# FreeBSD 8.2 won't boot under Sparc SunBlade 1000



## sparkyk (Jul 24, 2011)

Good morning to all!!

I've tried and tried to get the FreeBSD copy I got to intall on my SunBlade 1000 but it won't even detect the boot code from the DVD Iso and yes, I burned it correctly.

Does anyone have an idea why it won't boot?? Is there some special something to put in when I type "boot cdrom"?

Help!!

SparkyK


----------



## tingo (Jul 26, 2011)

Are you using the correct version (architecture) of the image?
Is should be named FreeBSD-8.2-RELEASE-sparc64-*.iso or something like that.


----------



## sparkyk (Jul 27, 2011)

*Hi, Tingo*

Yes, it does say FreeBSD-8.2-RELEASE-sparc64-dvd1.iso and I double checked it twice!!

I guess I'll try to re-burn it again and see if will work this time.

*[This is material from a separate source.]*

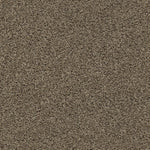 Load image into Gallery viewer, Shaw Del Morro - Denali (00518) - ZZ021-00518
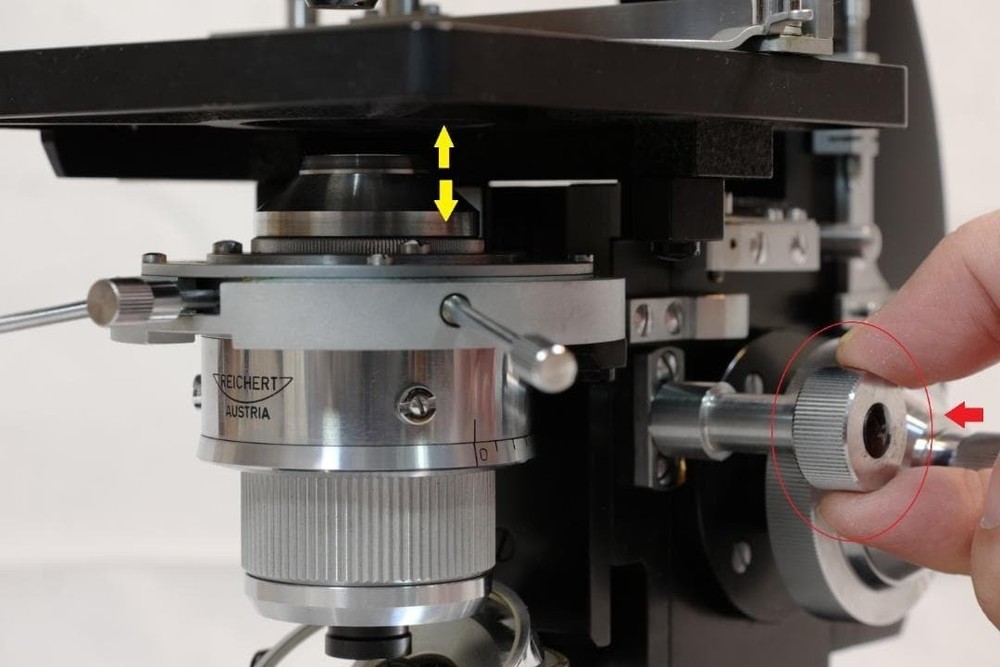 Carl Reichert's phase contrast microscope (BIOZET)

Sparky - Cross your fingers and mine!!


----------



## sossego (Jul 27, 2011)

Try using the 9.0 CD image installer available from http://people.freebsd.org/~nwhitehorn instead of the 8.2 DVD image. I have a SunBlade 1000 with 2 750MHz UltraSPARC III CPUs running FreeBSD 9.0 with a rebuilt kernel.


----------



## tingo (Aug 21, 2011)

FWIW, today I installed FreeBSD 8.2-release on my Blade 1000 from the disc1 CD image. I used [CMD="ok"]boot cdrom[/CMD] from the OBP, and installed with sysinstall. Everything worked as it should - it was totally uneventful. 
@sparkyk: perhaps you could try the CD image (disc1) instead of the DVD image?


----------